SEÇİLMİŞ YAZILAR

Parayla Alınmayan Mutluluk

Prof. Dr. Acar Baltaş

İnsanlara onları neyin mutlu edeceği sorulduğunda, çoğunlukla cevabın "para" olduğunu biliyoruz. Diğer taraftan "iyimser" olmanın mutluluğu kolaylaştırdığı yönünde çok sayıda yayın, beynimizi yıkamaya devam ediyor. Bundan önceki iki yazımızda bu konulara değinmiştik. Yakın zamanda yapılan bazı araştırmalar, mutluluğun önemli ölçüde; tatmin bulma kapasitesi, başkalarına iyilik yapma kapasitesi, yakınlık kurma ve arkadaşlık kapasitesi ile ilişkili olduğunu işaret etmektedir.

Diğer taraftan Seligman yaptığı araştırmalar sonucunda, mutluluğa giden üç temel yol olduğunu söylemektedir: Bunlar, sahip olmak, yapmak ve olmak’tır .

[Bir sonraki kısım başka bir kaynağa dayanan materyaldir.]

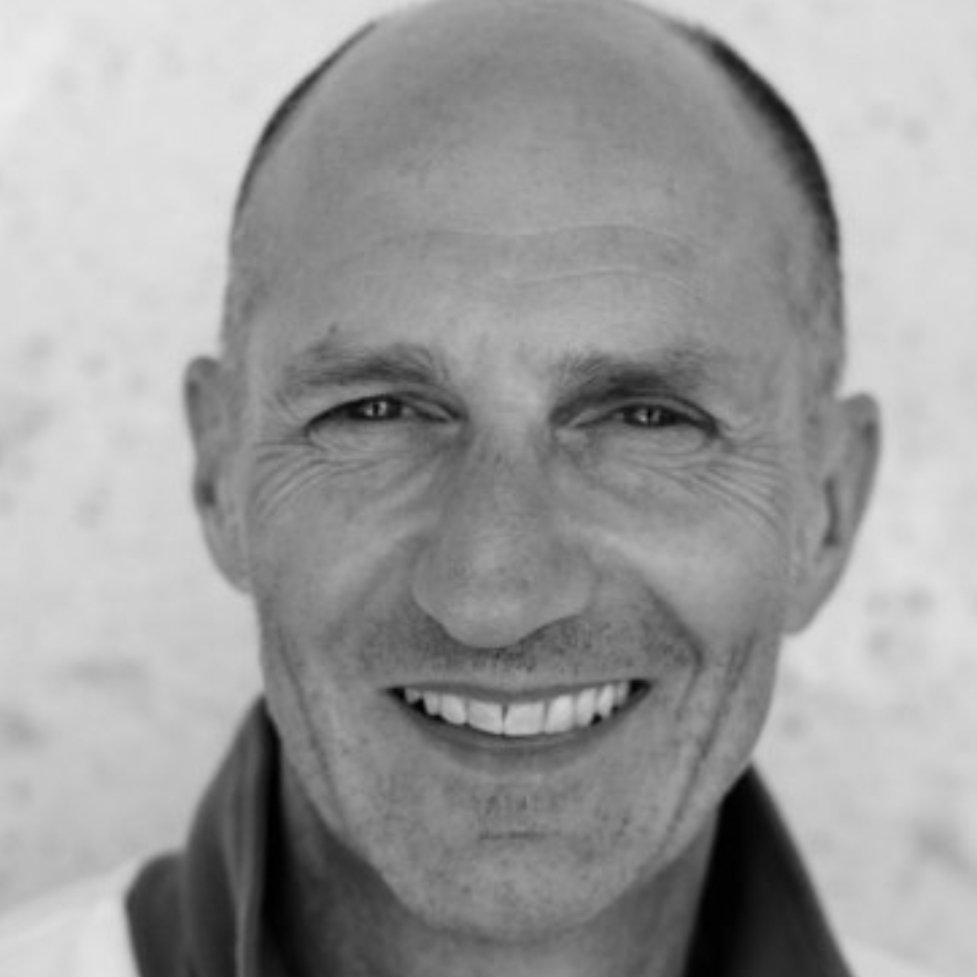 Avec le décès brutal de #XavierRivoire (<a href="/Decathlon/">Decathlon</a>), <a href="/NewsTankFoot/">News Tank Sport & Football</a> / <a href="/NewsTankSport/">News Tank Sport</a> perd un lecteur assidu et intéressé, un interlocuteur passionnant et passionné, un informateur intègre et bienveillant, mais aussi et surtout un ami.
Immense est notre peine.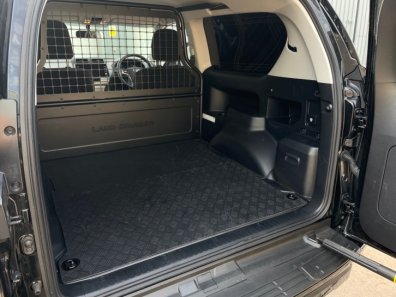 Toyota Land Cruiser Commercial Active 2.8 Diesel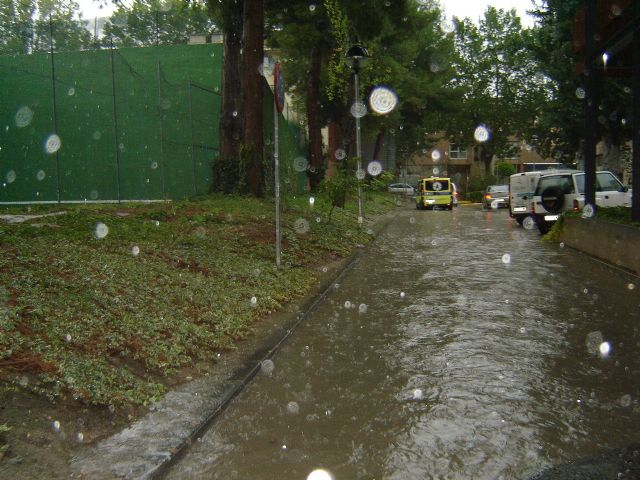 Denuncian el grave problema ocasionado por las aguas fecales en la zona del Hospital por los desbordamientos del alcantarillado con las lluvias - 3, Foto 3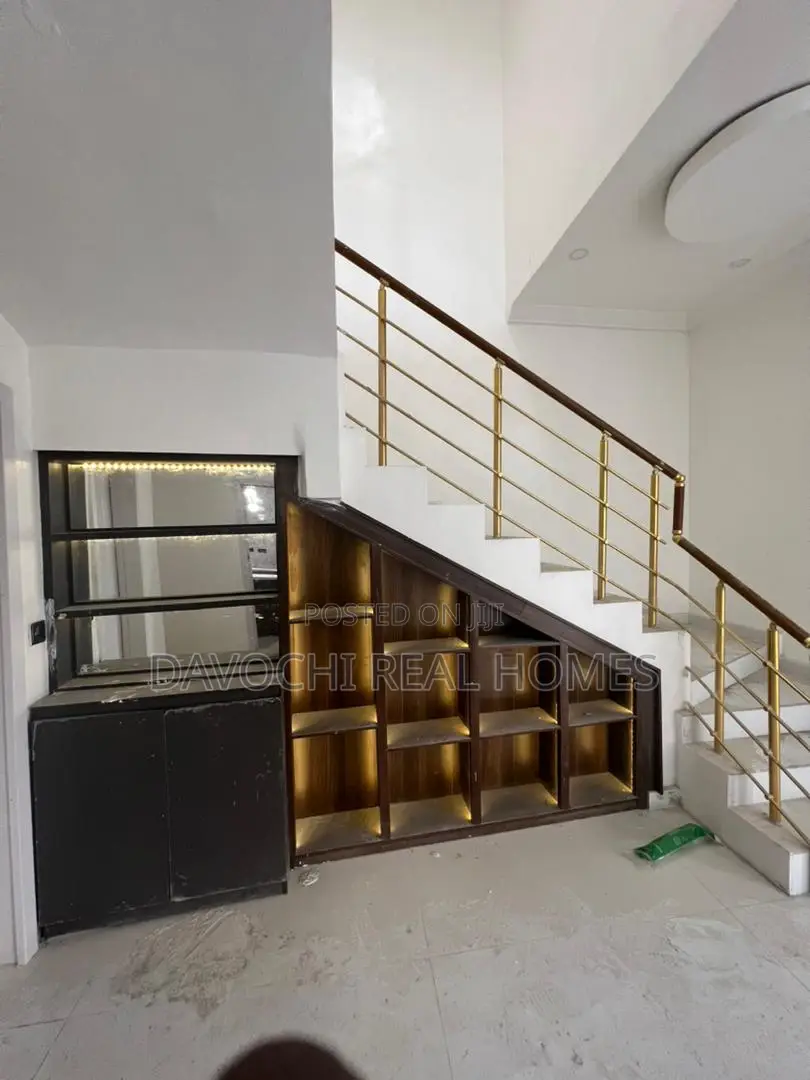 4bdrm Duplex in Chevron Drive, Lekki for rent in Lekki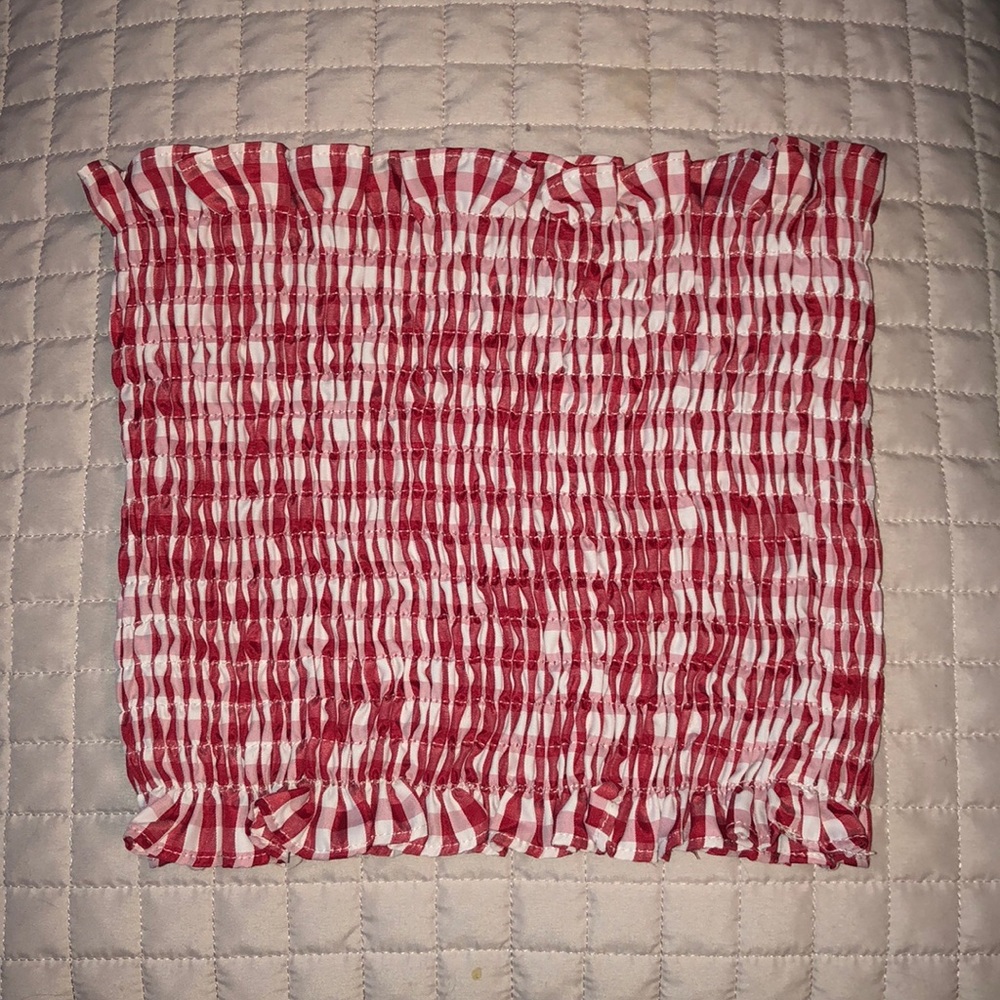 RED AND WHITE TUBE TOP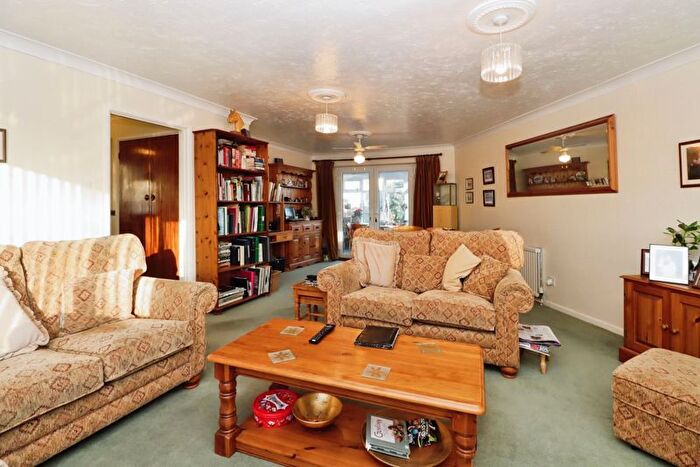 4 Bedroom Detached House For Sale In The Grove, Brightlingsea, CO7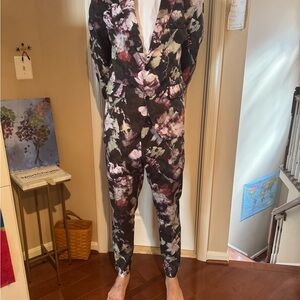 Floral Men’s suit. Straight leg. So cool and festive.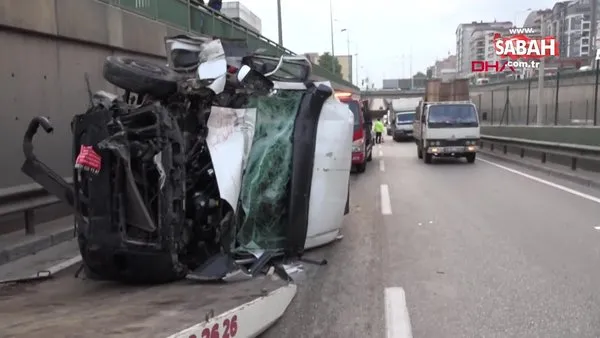 Minibüs, midibüse ve bariyerlere çarpıp devrildi | Video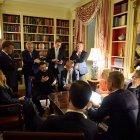 El presidente Volodymyr Zelensky (C) durante su conversación con líderes europeos, incluido la presidenta de la Comisión Europea, Ursula von der Leyen, en la biblioteca de la Casa Blanca, el 18 de agosto de 2025.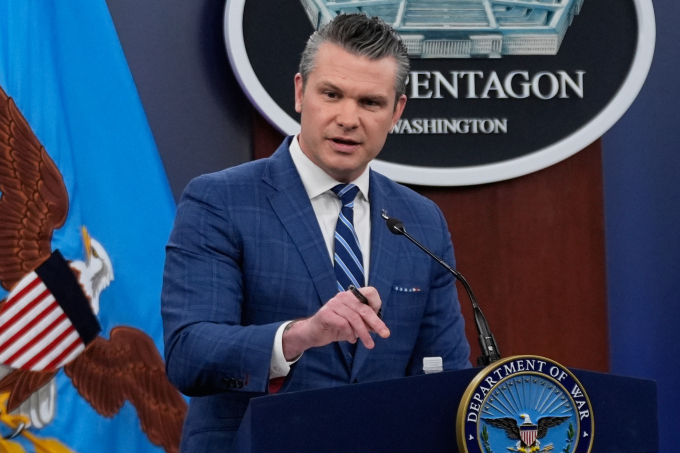 Bộ trưởng Quốc phòng Mỹ Pete Hegseth họp báo tại Lầu Năm Góc ngày 8/4. Ảnh: AP
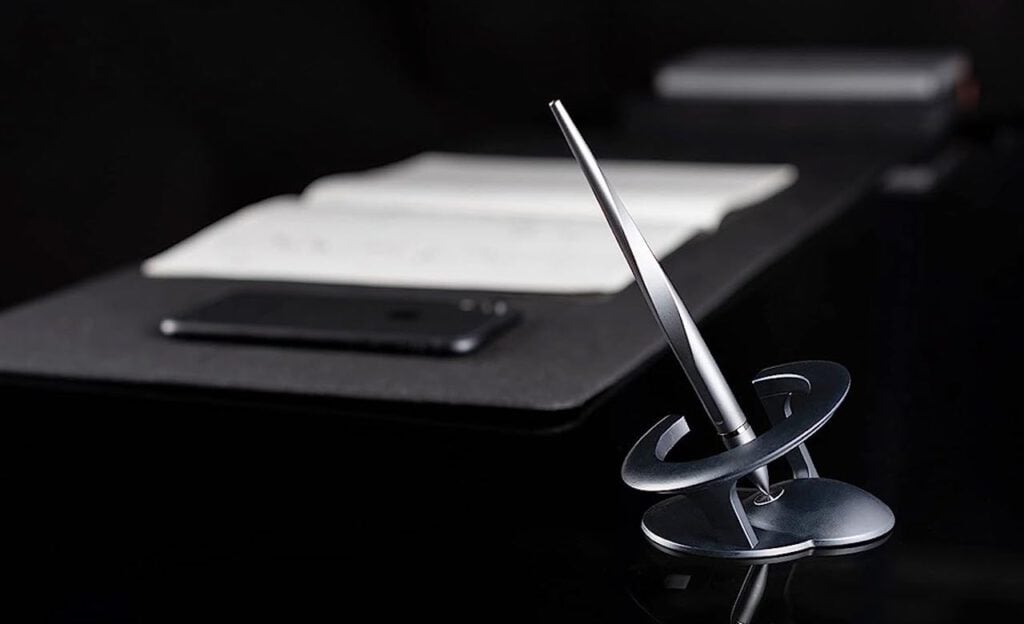 photo-of-hover-pen-on-office-desk-for-office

Sahip olmak, para aracılığı ile elde edilecek olanlara bağlıdır ve yazar buna, "tatlı hayat" demiştir. Para ile satın alınan ve kişi için son derece değerli bir objenin verdiği hazzın en fazla dokuz ay sürdüğü saptanmıştır. üstelik sık sık alışveriş yapmak "doyum" değil, duyarsızlaştırma yaratmaktadır.

Yapmak, eylem içinde ortaya çıkmaktadır. Bu eylem sevilen bir dostla fikre dayalı bir sohbet, kişinin içine girerek dinlediği klasik müzik veya okuduğu kitap, kaya tırmanışı yapan bir sporcunun yaşantısı olabilir. Yazar bu durumu "iyi hayat" olarak tanımlamıştır.

Olmak ise, kişinin kendisini aşan bir amaca hizmet etmesini içine alan bir durumdur. Zamanının, parasının ve enerjisinin bir bölümünü sosyal sorumluluk projelerine ayırmak bu bağlamda ele alınabilir. Bu yaklaşım "Bunun bana ne faydası var?" olarak özetleyebileceğimiz Anglo-Sakson yaklaşımının tam tersidir ve "Bunun başkalarına ne faydası var?" olarak tanımlayabileceğimiz farklı yöndeki bir zihin haritasının sonucudur. örneğin, kendinden daha az şanslı olan insanlara karşı kendini sorumlu hissetmek, kişileri bu tür eylemlere yaklaştırmaktadır.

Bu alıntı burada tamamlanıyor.